In battling the many-headed hydra of racism, African Americans and other people of color in the United States are not only more likely to experience serious mental health conditions, but also racial bias in the form of misdiagnosis, poor quality of care, neglect, and malpractice. Historical analysis is key to understanding how systemic, institutional, and everyday racism creates and sustains persistent racial disparities in health status and racialized experiences of care, and historical case studies can be effectively deployed to raise awareness and tackle racial bias in medical education and doctor-patient encounters.

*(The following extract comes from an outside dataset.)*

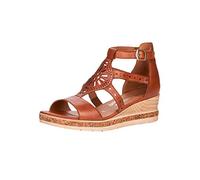 Rieker Women's Remonte Damen D3053 Sandalen Sandal, Braun, 7.5 UK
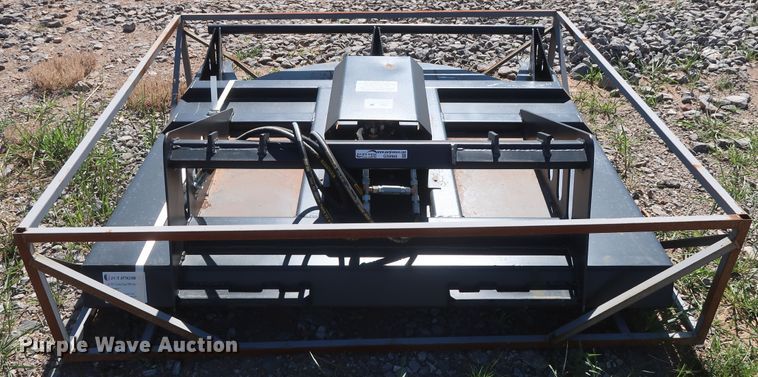 image for item GS9966 JCT skid steer rotary mower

To this end, a rich and ever growing body of historical scholarship maps the institutional treatment of the mentally ill in various colonial regimes, including the racist dimensions of psychiatric thought and practice, with especially impressive research focused on Africa, Asia, Australia, and Latin America. Mental health provision in the British West Indies, for example, has received a significant amount attention from historians of health and medicine in recent years, including Rana Hogarth, Margaret Jones, and Leonard Smith, who have examined mental illness [End Page 297] in Jamaica at the grim setting of the Kingston Hospital and Asylum.1 By comparison, the history of mental health care under chattel slavery in the United States and the emergence of psychiatry under this racialized system of violent capitalist exploitation is a relatively underdeveloped topic. A number of new works are emerging, however, including Martin Summers' Madness in the City of Magnificent Intentions, which considers the admission of enslaved patients to St. Elizabeth's Hospital in Washington, D.C., as part of a longer history of race and mental illness in the capital city.2 By re-examining the archives of Eastern Lunatic Asylum (ELA), which was located in Williamsburg, Virginia, Wendy Gonaver's book also targets this still sizeable gap in the current literature, and in doing so takes up Summers' earlier appeal in this journal, which urged historians to explore the experiences of black patients in American asylums using race as a "central analytical lens."3

Gonaver builds on a number of earlier histories of the ELA, notably Norman Dain's Disordered Minds and Todd Savitt's celebrated Medicine and Slavery, which featured a key chapter on the ELA with several useful tables that established the scale of the free and enslaved black presence at the institution.4 In her account, Gonaver digs deeper in an attempt to explore a wider range of themes and issues related to professional identity, race, religion, and gender at the ELA, in the contexts of chattel slavery, the Civil War, and Reconstruction. The opening chapter focuses on John Minson Galt II's tenure as superintendent of the ELA and his promotion of innovative "moral reforms" at the institution, including the admission of enslaved patients. As a founding member of the Association of Medical Superintendents of American Institutions for the Insane (AMSAII), Galt fashioned his reputation as an expert on black mental health, producing a special report for the Association on "Asylums for Colored Persons." Contrary to his own daily experiences, in this report Galt advanced a classic Virginian paternalistic vision of slavery, of a system that provided for all basic needs and under which the enslaved were relieved from life's anxieties, less susceptible to mental illness than free blacks and whites, and recovered more rapidly if so afflicted. Physician-enslavers like Galt used such perverse claims and racist stereotypes to undergird proslavery arguments, advance professional agendas, and flatter the prospective clients of their facilities (pp. 28–35). [End Page 298]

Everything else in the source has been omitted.